What you will do: The answer must consist solely of the lines from the one containing "living room with" through the last line of the records below, repeated exactly, with all pictures omitted.

-- Entries supplied follows --

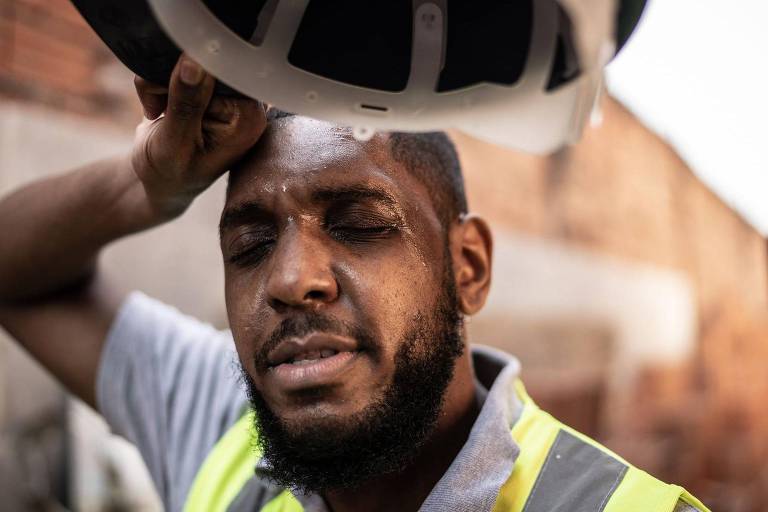 Um homem com pele escura e barba， vestindo uma camisa cinza e um colete amarelo， está segurando a cabeça com uma mão enquanto a outra mão segura um capacete. Ele parece estar suado e exausto， com os olhos fechados e uma expressão de cansaço. O fundo mostra uma parede de tijolos e um ambiente de construção.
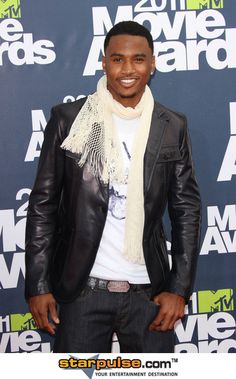 a man in a leather jacket and scarf smiles for the camera on the red carpet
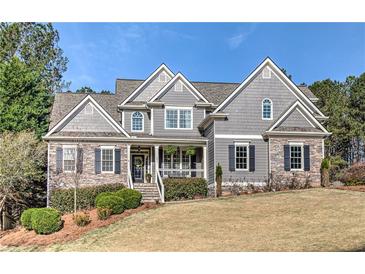 Charming two-story home with stone accents, beautiful landscaping, and a welcoming front porch at 304 Gilmer Ct, Canton, GA 30115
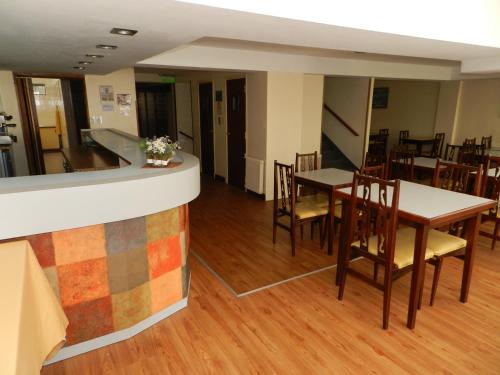 a restaurant with a counter and tables and chairs at Gran Hotel Monaco in Mar del Plata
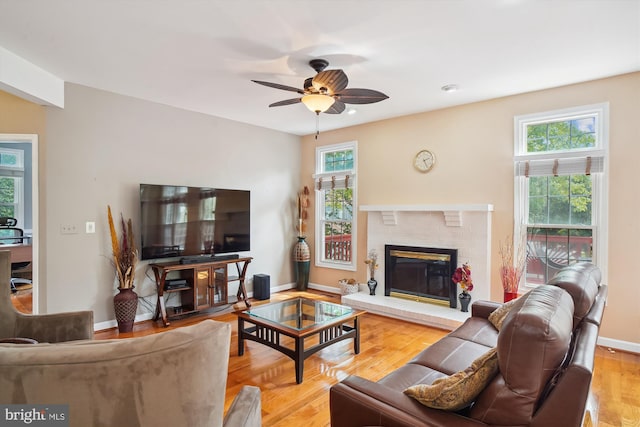 living room with light wood-style floors, a brick fireplace, baseboards, and a ceiling fan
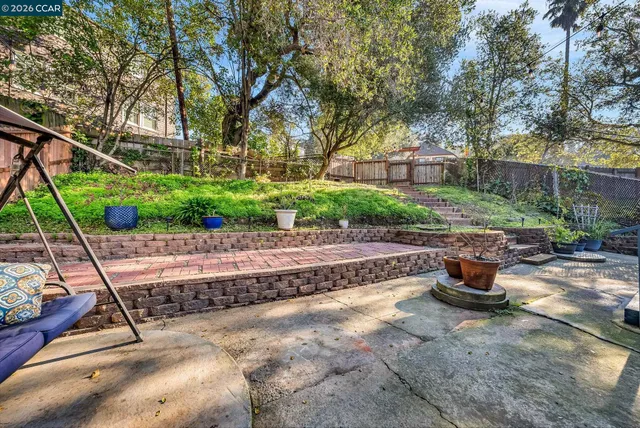 a garden view with a seating space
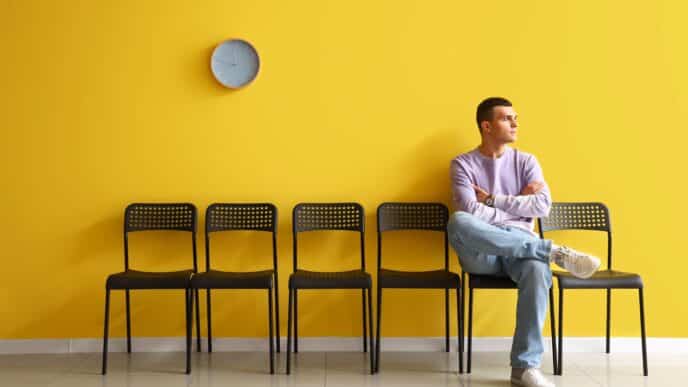 Man seated waiting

-- Entries supplied concluded --

Output of the exercise:
 living room with light wood-style floors, a brick fireplace, baseboards, and a ceiling fan
 a garden view with a seating space
 Man seated waiting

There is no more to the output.